Stock rising: Nostalgia

The NHL kicked its centennial marketing into high gear as soon as the calendar flipped over to January. That’s included everything from a time capsule to a float at the Rose Bowl parade. But the big initiative has been the league’s unveiling of the top 100 players in its history. They’ve announced 33 names already, with the rest to come at the all-star break.

The league’s list isn’t as interesting as it could be, since they chickened out on actually ranking the players and just lumping everyone together into one big group. Still, it’s fun to see those old names brought together like this, and the league is doing a good job of educating newer fans on the game’s history.

We also opened the month with two more outdoor games, which meant a pair of alumni contests. Those old-timer games almost always deliver, and these two were no exceptions. From Keith Tkachuk dabbing to Lanny McDonald’s photobomb, the two games were undeniably entertaining. At this point, I think everyone enjoys alumni games. Well, except for Gary Roberts, but he’s never enjoyed anything.

Some people have argued that nostalgia is just a crutch for old people who can’t enjoy the present anymore. Those people are killjoys and we should ignore them. The NHL’s long and storied history is one its best qualities, and taking the occasional moment to look back is well worth it.

Stock falling: Trading

After that brief burst of optimism early on, this stock has been plummeting all year. At some point, trading may need to be halted because in the NHL, well, trading has been halted.

The holiday trade freeze was lifted on Dec. 28. But you’d hardly have known it from looking at the transactions pages; Tuesday’s late-night trade sending Jhonas Enroth from Toronto to Anaheim was the first since the freeze, and came over a month since the last deal of any kind (which was the big Peter Holland blockbuster).

That’s unusual. In past seasons, we’ve seen the trade market rumble to life with some significant deals around this time of year. Last season, we had both the Seth Jones/Ryan Johansen trade and the deal that sent Vincent Lecavalier to Los Angeles go down on Jan. 6. In 2014, David Perron went to Edmonton on Jan. 2. The year before that, we had the Tim Gleason/John-Michael Liles swap on New Year’s Day.

Those weren’t all game-changers, but they were something. In fact, not counting the 2012-13 season (which didn’t have one due to the lockout), this was the first time we made it two weeks past the holiday freeze without any trades at all. And with the rumour mill relatively quiet, there’s no telling how much longer GMs are willing to wait.

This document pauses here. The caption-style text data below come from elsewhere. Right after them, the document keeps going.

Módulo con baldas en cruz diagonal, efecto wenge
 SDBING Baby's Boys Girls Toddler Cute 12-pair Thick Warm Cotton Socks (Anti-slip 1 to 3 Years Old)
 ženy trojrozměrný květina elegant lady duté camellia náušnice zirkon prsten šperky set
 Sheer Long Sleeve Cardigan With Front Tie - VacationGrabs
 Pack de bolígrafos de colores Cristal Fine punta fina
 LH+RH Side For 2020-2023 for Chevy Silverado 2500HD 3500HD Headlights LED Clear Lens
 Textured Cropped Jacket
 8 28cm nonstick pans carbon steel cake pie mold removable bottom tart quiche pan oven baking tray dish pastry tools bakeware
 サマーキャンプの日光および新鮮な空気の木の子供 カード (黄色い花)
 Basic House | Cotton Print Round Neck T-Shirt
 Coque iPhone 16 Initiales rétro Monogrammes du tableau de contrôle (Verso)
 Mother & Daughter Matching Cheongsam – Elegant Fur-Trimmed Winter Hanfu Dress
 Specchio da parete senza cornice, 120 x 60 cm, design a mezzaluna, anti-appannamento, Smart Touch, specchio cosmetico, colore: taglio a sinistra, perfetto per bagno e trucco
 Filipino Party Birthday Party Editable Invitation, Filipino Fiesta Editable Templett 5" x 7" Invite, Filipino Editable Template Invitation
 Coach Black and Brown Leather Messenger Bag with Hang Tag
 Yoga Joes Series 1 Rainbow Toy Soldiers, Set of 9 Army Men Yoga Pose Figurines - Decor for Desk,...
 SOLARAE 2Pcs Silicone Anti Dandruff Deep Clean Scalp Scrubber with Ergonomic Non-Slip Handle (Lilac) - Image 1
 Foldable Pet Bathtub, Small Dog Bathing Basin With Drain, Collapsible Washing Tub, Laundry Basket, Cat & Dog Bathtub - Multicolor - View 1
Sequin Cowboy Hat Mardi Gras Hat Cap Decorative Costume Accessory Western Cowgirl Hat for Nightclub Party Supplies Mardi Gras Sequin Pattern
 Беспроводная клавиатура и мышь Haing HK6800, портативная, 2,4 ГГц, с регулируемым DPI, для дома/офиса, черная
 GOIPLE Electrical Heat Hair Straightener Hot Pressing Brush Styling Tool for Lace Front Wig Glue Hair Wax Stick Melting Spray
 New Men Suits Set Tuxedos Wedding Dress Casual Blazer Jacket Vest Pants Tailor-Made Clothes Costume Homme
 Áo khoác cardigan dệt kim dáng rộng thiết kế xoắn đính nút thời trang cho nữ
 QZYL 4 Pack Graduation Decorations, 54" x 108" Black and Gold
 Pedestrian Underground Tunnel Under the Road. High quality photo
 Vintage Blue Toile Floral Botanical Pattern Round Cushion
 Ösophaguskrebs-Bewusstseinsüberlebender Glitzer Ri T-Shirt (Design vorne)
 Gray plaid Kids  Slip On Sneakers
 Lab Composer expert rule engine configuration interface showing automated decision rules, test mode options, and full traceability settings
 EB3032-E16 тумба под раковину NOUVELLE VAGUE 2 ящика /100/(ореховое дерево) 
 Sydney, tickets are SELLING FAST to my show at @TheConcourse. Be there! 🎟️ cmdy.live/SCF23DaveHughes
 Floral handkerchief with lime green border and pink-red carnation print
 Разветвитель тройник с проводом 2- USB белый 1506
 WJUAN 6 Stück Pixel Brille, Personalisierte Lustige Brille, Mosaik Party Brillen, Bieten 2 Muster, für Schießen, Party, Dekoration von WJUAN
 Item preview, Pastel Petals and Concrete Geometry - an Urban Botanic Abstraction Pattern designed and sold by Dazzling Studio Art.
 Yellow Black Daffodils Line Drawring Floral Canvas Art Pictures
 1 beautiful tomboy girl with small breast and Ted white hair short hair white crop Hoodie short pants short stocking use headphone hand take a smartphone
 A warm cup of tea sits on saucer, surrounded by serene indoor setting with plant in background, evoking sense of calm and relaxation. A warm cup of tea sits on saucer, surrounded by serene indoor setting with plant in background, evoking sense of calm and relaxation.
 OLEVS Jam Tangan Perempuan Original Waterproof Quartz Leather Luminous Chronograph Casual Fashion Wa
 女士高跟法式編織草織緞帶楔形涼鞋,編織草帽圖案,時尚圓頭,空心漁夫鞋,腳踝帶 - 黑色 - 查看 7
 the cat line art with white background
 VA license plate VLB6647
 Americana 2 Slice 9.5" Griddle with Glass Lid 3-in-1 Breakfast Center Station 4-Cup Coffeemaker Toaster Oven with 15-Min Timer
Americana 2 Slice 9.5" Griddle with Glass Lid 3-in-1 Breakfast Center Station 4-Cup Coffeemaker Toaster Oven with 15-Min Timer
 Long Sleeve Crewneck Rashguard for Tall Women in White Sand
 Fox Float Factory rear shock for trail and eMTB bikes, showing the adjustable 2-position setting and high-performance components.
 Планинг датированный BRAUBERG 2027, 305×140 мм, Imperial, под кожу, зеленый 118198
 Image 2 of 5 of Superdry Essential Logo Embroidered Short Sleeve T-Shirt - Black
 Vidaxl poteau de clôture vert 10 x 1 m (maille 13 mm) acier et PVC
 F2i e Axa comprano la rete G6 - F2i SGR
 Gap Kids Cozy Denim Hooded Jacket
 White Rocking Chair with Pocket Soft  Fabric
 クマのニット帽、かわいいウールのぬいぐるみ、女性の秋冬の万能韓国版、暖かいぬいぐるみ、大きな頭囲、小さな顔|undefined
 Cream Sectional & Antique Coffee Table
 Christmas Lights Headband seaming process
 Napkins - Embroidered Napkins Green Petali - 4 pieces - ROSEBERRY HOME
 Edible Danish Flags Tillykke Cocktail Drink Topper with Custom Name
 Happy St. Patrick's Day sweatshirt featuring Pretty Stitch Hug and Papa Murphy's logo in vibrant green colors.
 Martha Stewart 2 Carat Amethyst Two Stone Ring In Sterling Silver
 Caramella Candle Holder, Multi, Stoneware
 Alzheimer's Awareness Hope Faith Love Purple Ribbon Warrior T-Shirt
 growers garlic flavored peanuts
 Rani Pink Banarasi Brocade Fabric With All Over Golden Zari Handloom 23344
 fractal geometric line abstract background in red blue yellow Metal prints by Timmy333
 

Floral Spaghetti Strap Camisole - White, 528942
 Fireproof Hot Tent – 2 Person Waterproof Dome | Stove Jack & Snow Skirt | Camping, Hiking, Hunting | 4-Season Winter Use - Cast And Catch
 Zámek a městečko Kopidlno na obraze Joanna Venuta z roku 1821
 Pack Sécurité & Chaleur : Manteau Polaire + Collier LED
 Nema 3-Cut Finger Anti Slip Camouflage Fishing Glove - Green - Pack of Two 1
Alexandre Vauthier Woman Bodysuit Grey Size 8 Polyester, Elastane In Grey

So what’s going on? It’s possible that the expansion draft is complicating everything, as teams have to watch their rosters carefully to make sure they can meet the exposure requirements. Or maybe this is just another sign of the league’s continuing trend away from trading.

Either way, you’d figure the dam has to break at some point. The Stars still need a goalie, the Rangers still need blue line help, and teams like the Coyotes and Avalanche must be firmly into sell mode by now. And you’d have to think that one of the league’s many underachieving teams, like the Jets, Lightning or Sabres, will have to do something eventually.

Or maybe not. Maybe this is just the new reality of how business gets done in the NHL.